Why does time dilation imply length contraction? [duplicate]

Question

This is probably a nonsensical question, but I'm having trouble wrapping my head around it. I'm thinking of the classic scenario where a stationary observer is watching a spaceship move horizontally. It makes perfect sense to me that a beam of light bouncing up and down will appear to move more slowly vertically, since it has to also move horizontally. This produces the time dilation effect. However, I don't see why this same dilation factor has to apply to a beam of light moving horizontally. This is the way that I have seen length contraction derived.
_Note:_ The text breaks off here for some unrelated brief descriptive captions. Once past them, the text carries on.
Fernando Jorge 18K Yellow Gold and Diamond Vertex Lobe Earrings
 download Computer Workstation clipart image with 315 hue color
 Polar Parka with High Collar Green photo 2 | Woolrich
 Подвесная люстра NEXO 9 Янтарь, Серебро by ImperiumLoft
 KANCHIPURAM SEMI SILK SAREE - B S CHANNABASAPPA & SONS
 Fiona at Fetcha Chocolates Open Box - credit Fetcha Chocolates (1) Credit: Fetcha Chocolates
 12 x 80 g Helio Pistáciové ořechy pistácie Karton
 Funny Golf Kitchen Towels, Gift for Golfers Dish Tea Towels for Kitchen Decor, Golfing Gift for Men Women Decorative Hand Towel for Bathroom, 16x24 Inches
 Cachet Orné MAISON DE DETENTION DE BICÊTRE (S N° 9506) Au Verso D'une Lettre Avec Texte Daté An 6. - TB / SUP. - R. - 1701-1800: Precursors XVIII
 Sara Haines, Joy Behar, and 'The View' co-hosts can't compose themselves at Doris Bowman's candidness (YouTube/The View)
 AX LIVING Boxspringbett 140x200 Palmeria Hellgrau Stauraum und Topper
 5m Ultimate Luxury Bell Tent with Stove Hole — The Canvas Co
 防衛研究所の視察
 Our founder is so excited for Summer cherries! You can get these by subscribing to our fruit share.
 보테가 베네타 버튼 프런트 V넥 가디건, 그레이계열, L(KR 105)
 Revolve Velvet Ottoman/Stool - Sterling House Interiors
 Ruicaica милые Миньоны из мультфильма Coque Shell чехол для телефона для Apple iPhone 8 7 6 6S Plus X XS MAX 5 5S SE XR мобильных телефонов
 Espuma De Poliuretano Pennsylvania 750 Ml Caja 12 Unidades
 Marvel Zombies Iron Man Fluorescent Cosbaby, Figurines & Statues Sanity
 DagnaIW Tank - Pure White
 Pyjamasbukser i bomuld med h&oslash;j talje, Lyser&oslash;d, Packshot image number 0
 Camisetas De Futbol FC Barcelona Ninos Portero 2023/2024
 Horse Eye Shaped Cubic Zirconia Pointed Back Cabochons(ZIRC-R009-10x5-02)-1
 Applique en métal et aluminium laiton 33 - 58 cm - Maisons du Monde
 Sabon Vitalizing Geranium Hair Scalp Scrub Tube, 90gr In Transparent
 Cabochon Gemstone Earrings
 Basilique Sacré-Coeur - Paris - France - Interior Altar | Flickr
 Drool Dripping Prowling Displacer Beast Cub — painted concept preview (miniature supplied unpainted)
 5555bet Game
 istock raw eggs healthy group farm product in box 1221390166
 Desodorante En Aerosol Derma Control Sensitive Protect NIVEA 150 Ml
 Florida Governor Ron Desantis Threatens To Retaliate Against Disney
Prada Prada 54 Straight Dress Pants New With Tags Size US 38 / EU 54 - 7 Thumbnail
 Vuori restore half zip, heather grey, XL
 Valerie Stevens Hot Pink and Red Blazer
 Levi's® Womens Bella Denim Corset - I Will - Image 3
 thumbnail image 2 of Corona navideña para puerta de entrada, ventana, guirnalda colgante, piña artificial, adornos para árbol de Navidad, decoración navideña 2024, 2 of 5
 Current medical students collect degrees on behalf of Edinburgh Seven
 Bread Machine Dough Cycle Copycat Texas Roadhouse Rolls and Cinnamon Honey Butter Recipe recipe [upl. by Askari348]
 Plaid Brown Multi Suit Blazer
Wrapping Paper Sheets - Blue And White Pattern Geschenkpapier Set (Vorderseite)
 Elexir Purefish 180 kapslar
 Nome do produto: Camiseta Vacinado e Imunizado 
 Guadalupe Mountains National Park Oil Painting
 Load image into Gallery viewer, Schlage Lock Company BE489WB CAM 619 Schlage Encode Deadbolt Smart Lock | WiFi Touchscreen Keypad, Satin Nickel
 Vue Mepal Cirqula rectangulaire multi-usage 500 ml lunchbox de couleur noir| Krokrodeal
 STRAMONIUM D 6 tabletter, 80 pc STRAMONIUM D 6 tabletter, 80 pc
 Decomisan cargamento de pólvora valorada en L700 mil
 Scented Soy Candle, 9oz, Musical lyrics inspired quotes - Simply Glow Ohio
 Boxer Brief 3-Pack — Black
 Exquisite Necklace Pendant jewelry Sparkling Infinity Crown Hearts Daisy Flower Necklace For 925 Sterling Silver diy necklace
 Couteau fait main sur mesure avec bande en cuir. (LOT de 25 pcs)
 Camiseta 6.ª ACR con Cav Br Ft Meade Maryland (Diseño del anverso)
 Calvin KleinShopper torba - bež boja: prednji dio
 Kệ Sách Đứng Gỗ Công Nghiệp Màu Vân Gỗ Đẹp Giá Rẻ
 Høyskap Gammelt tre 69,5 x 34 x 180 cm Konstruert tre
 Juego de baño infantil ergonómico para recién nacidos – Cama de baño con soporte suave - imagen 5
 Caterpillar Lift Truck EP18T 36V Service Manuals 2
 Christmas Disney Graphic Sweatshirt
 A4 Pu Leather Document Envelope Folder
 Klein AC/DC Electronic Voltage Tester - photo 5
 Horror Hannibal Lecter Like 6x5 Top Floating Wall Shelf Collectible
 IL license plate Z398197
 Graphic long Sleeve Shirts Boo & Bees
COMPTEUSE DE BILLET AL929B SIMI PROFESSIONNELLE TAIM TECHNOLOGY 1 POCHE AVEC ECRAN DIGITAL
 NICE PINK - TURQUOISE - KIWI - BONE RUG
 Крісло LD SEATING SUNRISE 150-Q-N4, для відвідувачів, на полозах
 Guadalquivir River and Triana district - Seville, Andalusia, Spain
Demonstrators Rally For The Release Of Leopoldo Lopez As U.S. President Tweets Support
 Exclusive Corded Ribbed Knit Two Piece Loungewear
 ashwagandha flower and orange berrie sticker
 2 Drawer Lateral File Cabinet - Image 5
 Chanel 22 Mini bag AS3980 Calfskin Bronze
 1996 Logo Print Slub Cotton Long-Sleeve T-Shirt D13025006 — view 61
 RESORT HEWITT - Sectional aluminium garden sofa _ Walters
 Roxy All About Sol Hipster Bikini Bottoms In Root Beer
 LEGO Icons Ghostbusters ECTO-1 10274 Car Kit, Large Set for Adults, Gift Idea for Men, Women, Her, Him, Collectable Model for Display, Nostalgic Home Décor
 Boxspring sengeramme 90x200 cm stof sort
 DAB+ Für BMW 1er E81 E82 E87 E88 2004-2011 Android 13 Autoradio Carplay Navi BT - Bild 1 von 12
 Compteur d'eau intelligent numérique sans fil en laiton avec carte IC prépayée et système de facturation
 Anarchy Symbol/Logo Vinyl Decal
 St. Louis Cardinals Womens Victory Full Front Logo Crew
It sounds peculiar, but couldn't there be a different time dilation factor for objects moving horizontally versus vertically on the spaceship?

edit: I believe this can be explained by thinking about a beam of light moving diagonally on the spaceship, but I'll leave the question up in case someone has a better explanation.

Answer 1

Think of a relativistic train passing you. to measure its length you have two color spraying pistols in a distance d, then spray at the same moment of time. then you would say the two colospots have the distance d, bu the people on the train will not agree, the measure a different distance an tell you , the spraying was not dane at the same moment. (the length perpendicular to the movement is not changed it is the same in both systms.) The thought experiment , you are talking about, is not so good, since it is not symmetrical in the two systems, but it does not depend on the clocks being perpendicular to the movement.